- _DATASET EXTRACT_:
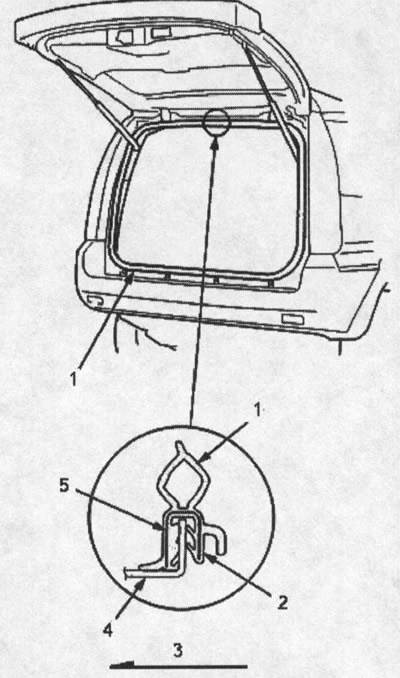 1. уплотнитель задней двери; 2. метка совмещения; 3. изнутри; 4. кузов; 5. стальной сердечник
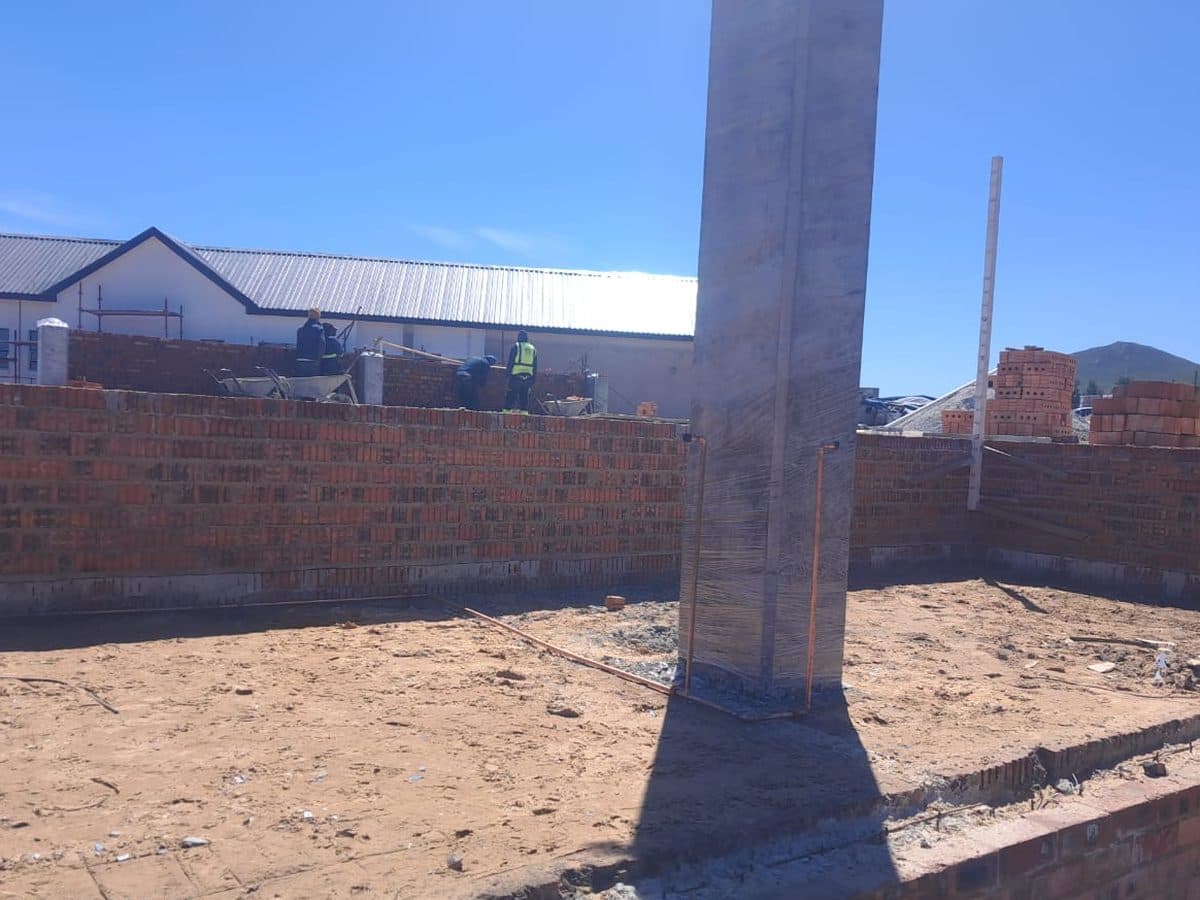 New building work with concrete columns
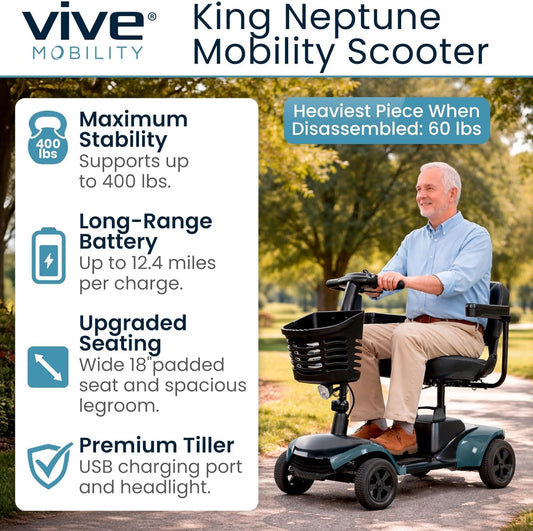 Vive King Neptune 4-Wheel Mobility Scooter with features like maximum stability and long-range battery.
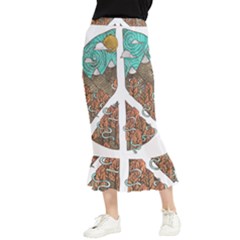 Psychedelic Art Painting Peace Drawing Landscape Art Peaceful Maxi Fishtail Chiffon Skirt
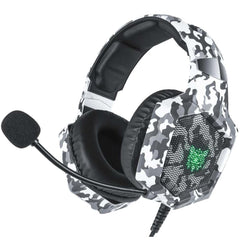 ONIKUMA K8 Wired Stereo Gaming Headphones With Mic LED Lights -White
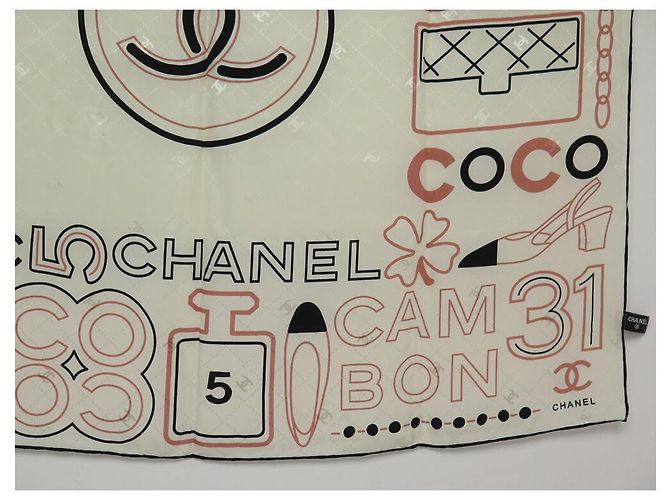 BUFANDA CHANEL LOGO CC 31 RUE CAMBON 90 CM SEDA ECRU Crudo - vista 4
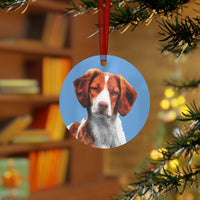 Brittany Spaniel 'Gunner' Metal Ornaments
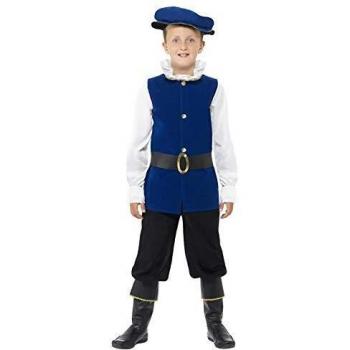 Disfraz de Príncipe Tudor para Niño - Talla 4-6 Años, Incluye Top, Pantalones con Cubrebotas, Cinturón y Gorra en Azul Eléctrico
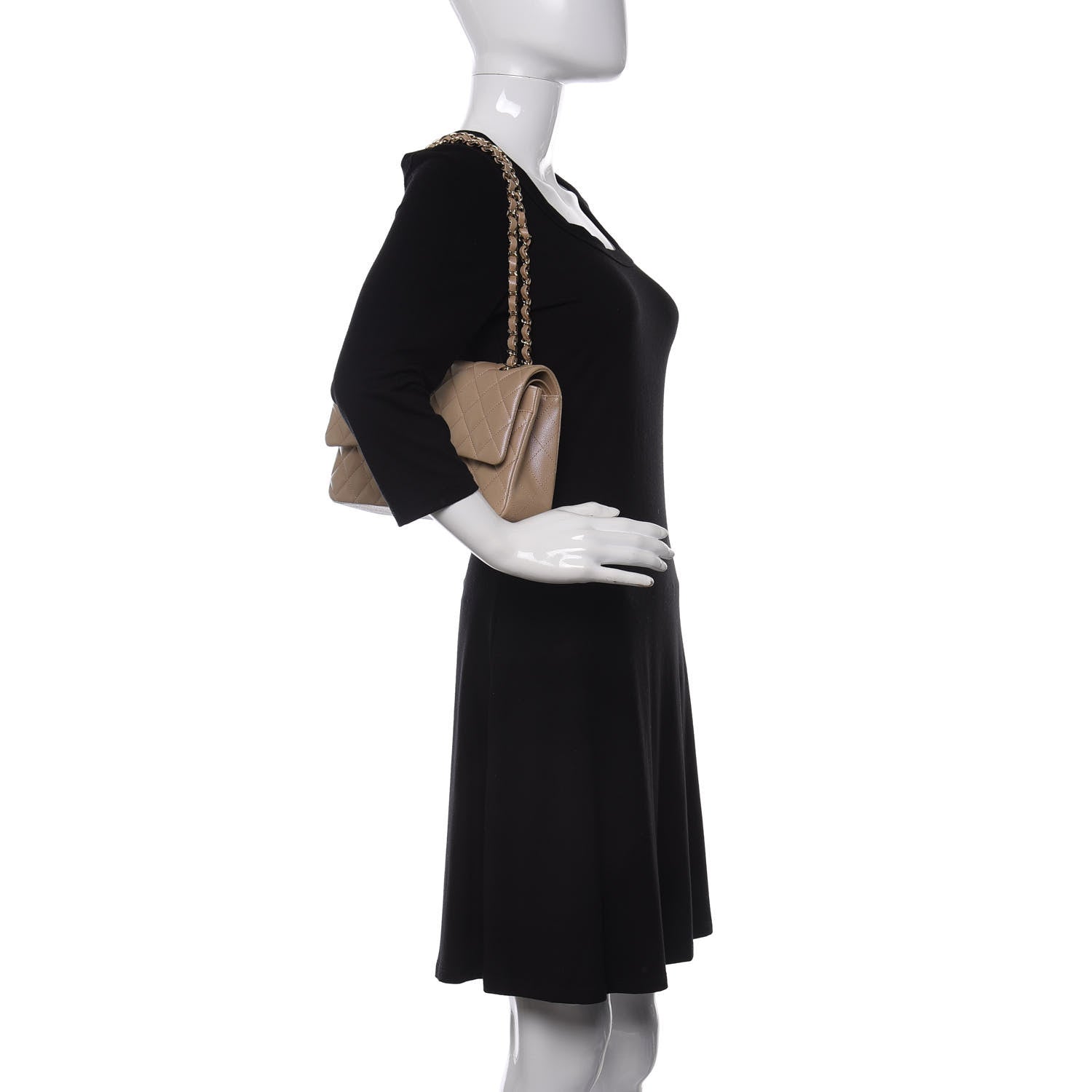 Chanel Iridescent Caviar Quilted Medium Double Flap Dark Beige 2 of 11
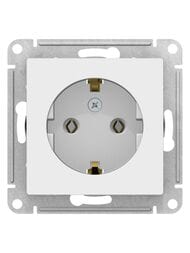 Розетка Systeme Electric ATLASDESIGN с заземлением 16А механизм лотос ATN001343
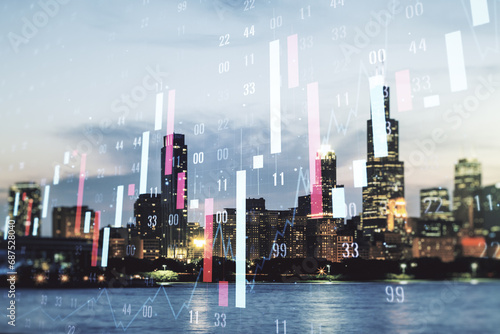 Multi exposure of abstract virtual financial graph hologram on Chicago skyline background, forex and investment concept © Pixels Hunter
---
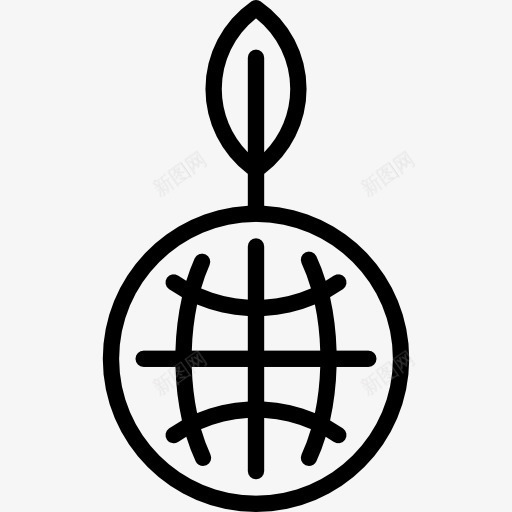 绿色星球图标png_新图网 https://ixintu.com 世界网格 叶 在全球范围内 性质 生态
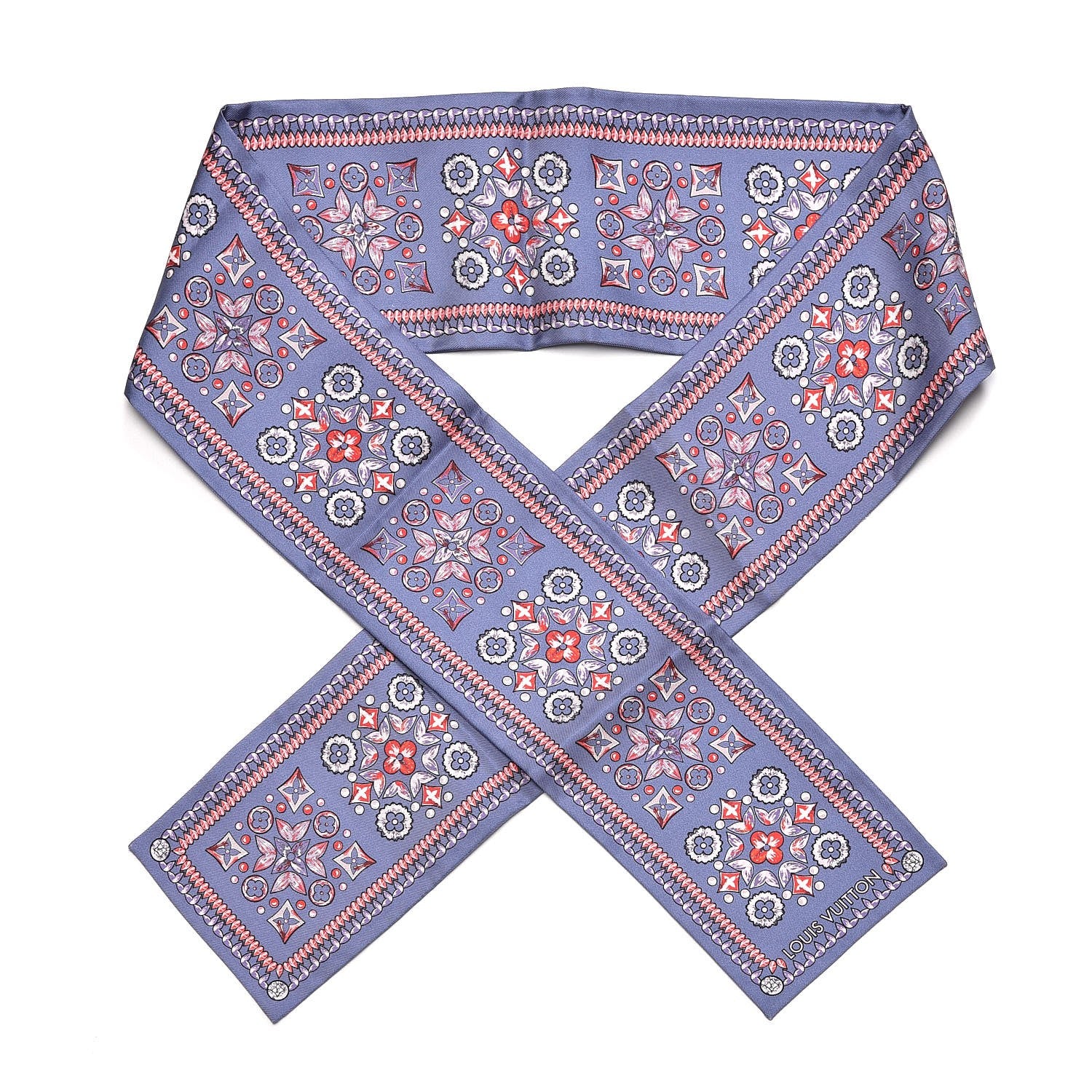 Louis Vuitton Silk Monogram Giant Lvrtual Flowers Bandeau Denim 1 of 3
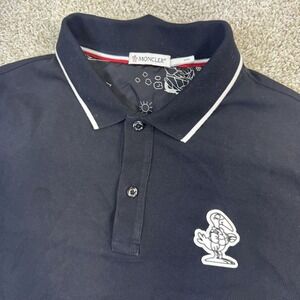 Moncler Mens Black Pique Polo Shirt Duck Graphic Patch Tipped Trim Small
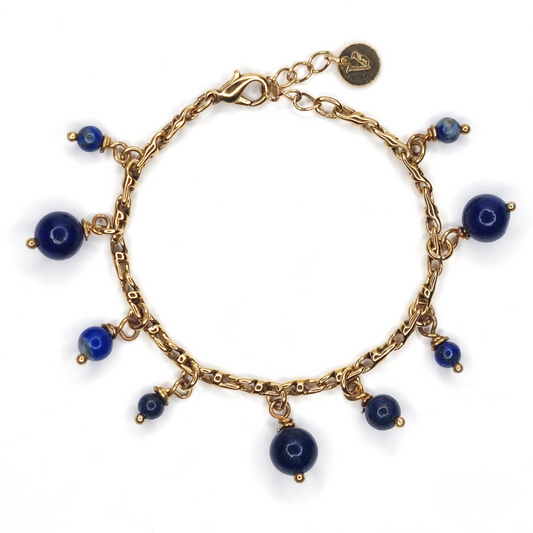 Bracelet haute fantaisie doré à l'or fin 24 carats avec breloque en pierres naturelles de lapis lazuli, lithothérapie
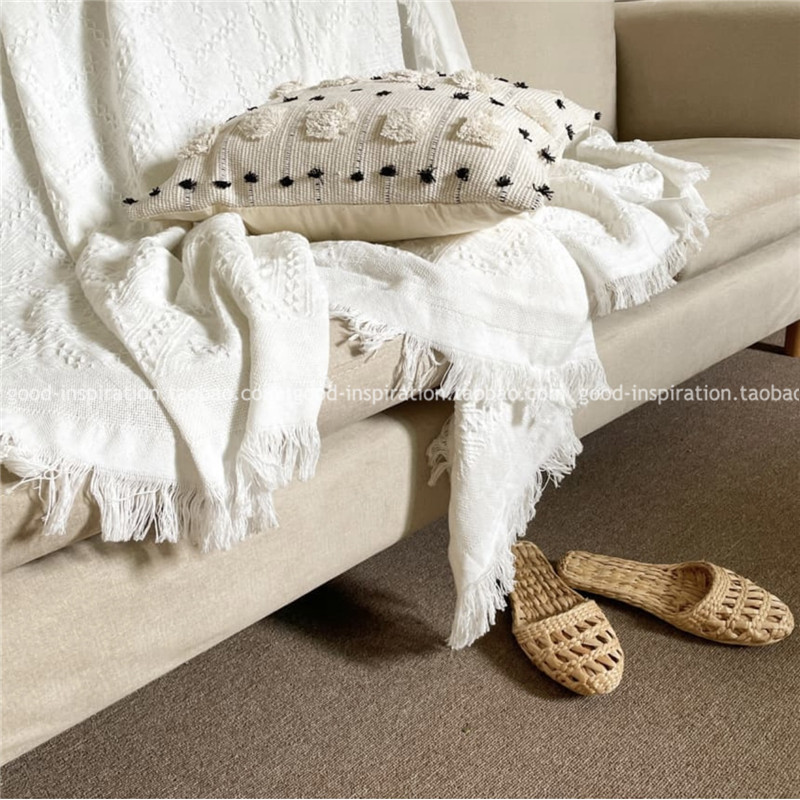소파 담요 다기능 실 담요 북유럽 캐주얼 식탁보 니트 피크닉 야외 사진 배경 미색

- _ASSIGNMENT_:
Working from the entries above, please transcribe only the lines from the line with "Psychedelic Art Painting" through the line with "Brittany Spaniel 'Gunner' Metal Ornaments", exactly, with both end lines and without pictures.

- _ANSWER SECTION_:
 Psychedelic Art Painting Peace Drawing Landscape Art Peaceful Maxi Fishtail Chiffon Skirt
 ONIKUMA K8 Wired Stereo Gaming Headphones With Mic LED Lights -White
 BUFANDA CHANEL LOGO CC 31 RUE CAMBON 90 CM SEDA ECRU Crudo - vista 4
 Brittany Spaniel 'Gunner' Metal Ornaments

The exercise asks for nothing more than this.